» AIM OF THE EXERCISE:
Output only the lines from the line holding "Walter Gerwig Virtuoso" through the close of the records, exactly as they appear, with all pictures omitted.

» SUPPLIED MATERIAL:

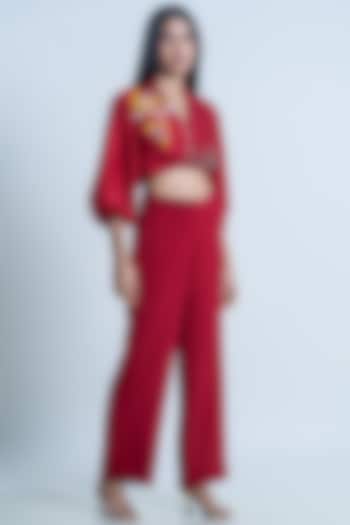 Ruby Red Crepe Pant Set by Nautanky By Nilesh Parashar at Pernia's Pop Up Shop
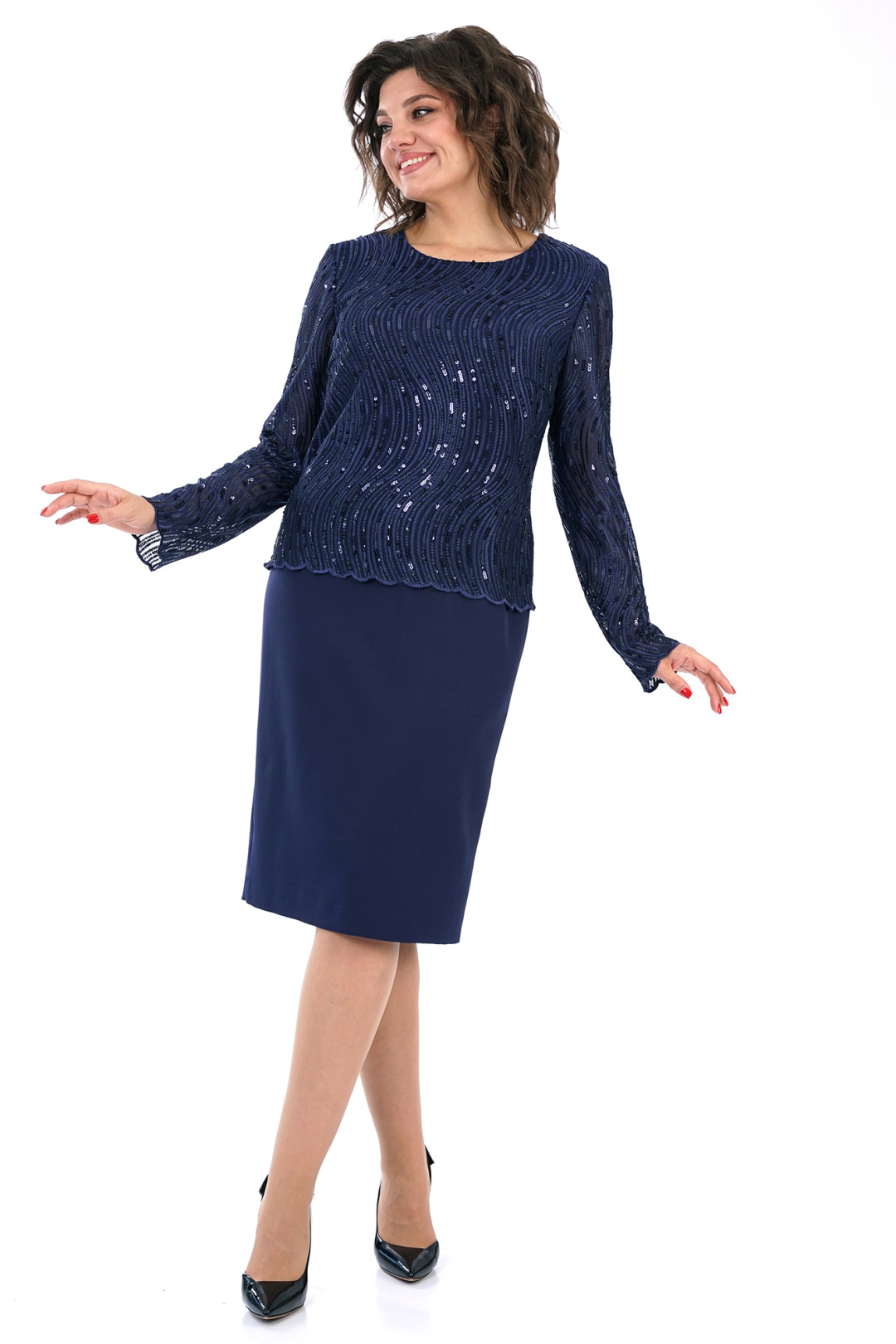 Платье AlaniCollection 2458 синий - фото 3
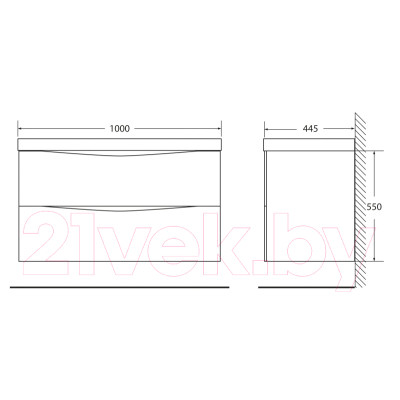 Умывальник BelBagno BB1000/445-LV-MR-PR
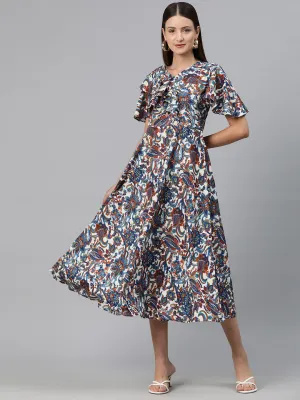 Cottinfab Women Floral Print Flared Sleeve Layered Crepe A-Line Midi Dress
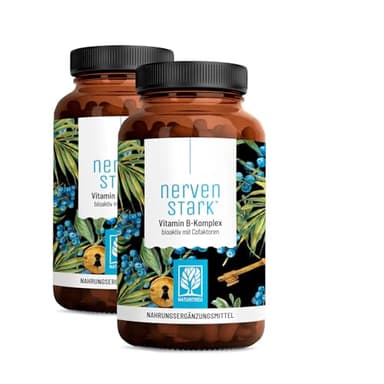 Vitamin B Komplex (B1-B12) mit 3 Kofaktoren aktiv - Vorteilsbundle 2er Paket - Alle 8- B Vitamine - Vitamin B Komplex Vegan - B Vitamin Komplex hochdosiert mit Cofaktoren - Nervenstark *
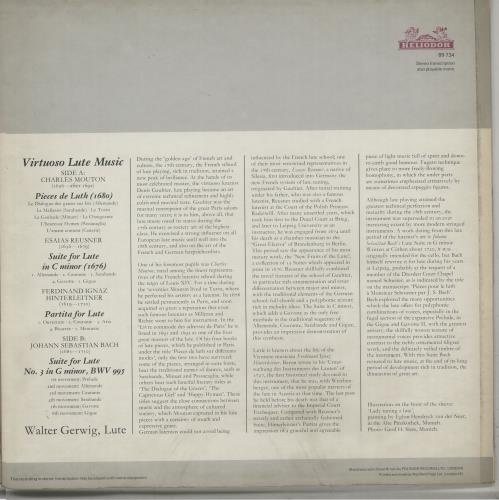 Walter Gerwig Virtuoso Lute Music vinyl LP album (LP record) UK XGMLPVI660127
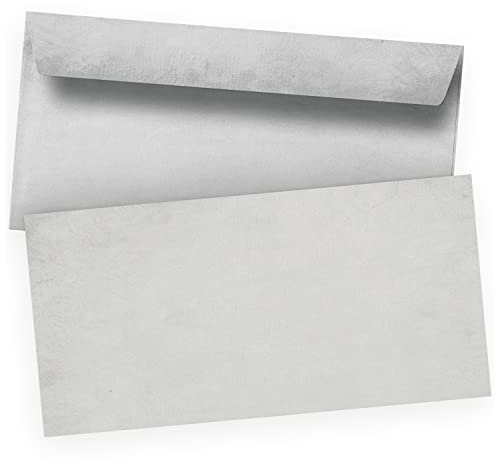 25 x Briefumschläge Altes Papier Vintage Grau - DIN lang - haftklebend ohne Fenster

» EXPECTED ANSWER:
 Walter Gerwig Virtuoso Lute Music vinyl LP album (LP record) UK XGMLPVI660127
 25 x Briefumschläge Altes Papier Vintage Grau - DIN lang - haftklebend ohne Fenster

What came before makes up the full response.